A State Department Office of Inspector General (OIG) report released Dec. 9 revealed information security and management deficiencies at 11 overseas missions and one domestic bureau as well as other issues.
Despite the department spending about $1.4 billion in information technology (IT) in FY ’15, the OIG report (Semiannual Report to the Congress, April 1, 2015, to September 30, 2015) said cybersecurity incidents included malicious actors exploiting vulnerabilities, potentially compromising sensitive information and significant downtime to normal operations.
“Inspectors found information-technology and cybersecurity deficiencies at every overseas mission and domestic bureau inspected during this reporting period. OIG issued more than 40 recommendations to address the deficiencies. OIG also identified significant program challenges with the Department’s security program for wireless networks,” Steve Linick, Inspector General of the State Department, wrote in the report’s opening message.

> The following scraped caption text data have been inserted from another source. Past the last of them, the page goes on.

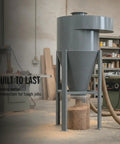 Heavy Duty Industrial Dust Collector System For Metal Powder Removal In Workshops And Commercial Shops With Weatherproof Gray Housing standing in a workshop.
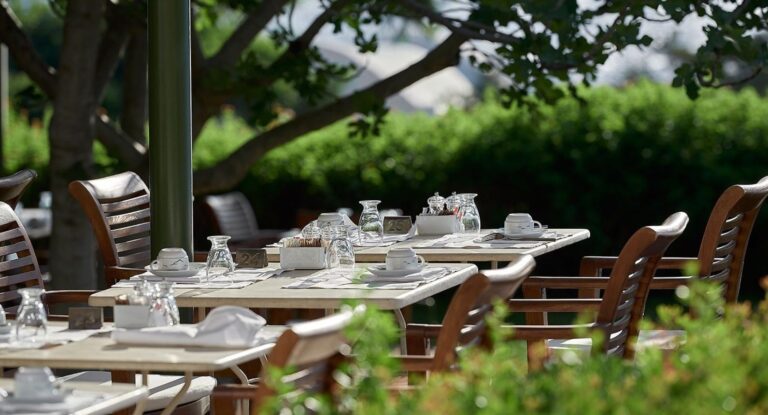 Tables set under the trees on a restaurant terrace, St Nicolas Bay Resort Hotel and Villas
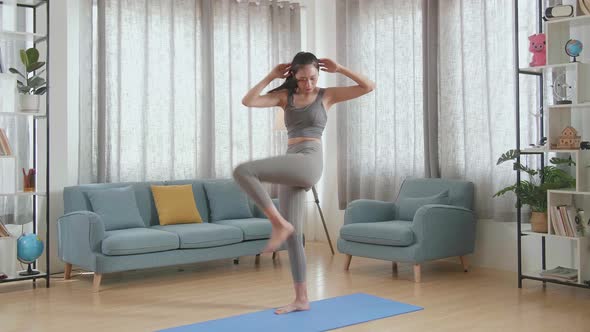 Athletic Female Doing Cardio High Knees And Squat Exercises During Daily Workout On The Mat At Home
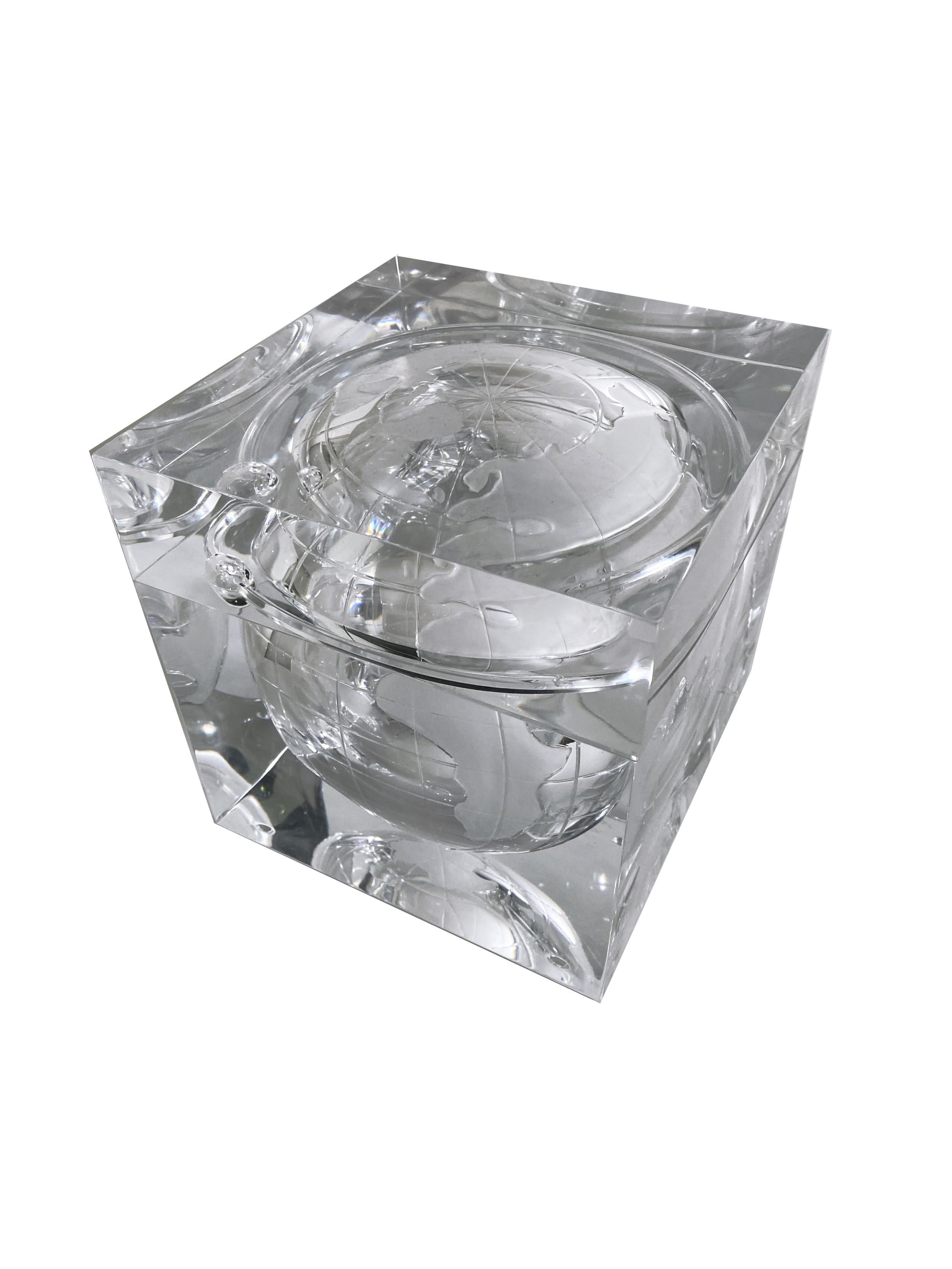 Mid-Century Modern (1960s-1970s) lucite ice bucket in cube form with an etched rounded interior design of the globe.(2 sections) (by ALESSANDRO ABRIZZI)
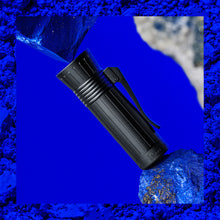Load image into Gallery viewer, Close up to the pen cap arranged between pieces of Lapis Lazuli on a blue stylized background.
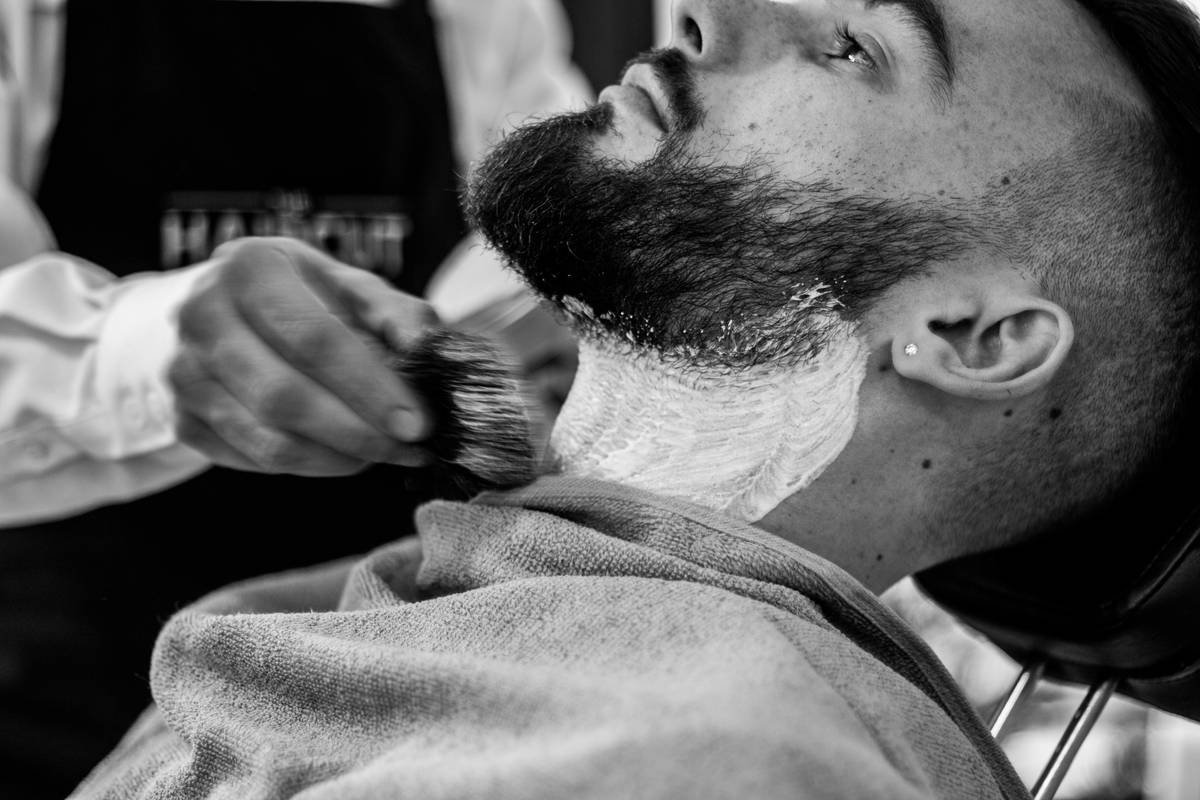 Infographic showing how friction between plastic comb and dry beard hair creates static electricity, with humidity levels and material types labeled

The OIG also found that information systems security officers (ISSOs) did not perform their duties adequately, leaving systems vulnerable to threats including spear-phishing attacks. ISSO duties involved reviewing event logs, randomly checking user libraries, and reminding users of security awareness.
The office issued 42 recommendations concerning IT management and cybersecurity, including access controls, configuration management, and encryption, the report said.
OIG also highlighted the importance of IT contingency planning for State Department facilities and how it remains a management challenge.
“In six inspections of overseas missions conducted during this reporting period, OIG identified numerous contingency planning deficiencies,” the report said.
“Instability in many regions of the world and recent attacks and threats against the Department’s personnel and diplomatic facilities demonstrate the need for contingency planning and readiness to respond to crises in order to maintain communications and continuity of business operations.”
The semiannual report summarizes the work of the OIG for the reporting period stated. OIG is responsible for oversight of over $40 billion in department programs and operations in addition to $750 million in Broadcasting Board of Governors (BBG) operations. During the reporting period the OIG issues 66 total reports on various issues that included recommendations to improve programs and operations, the report said.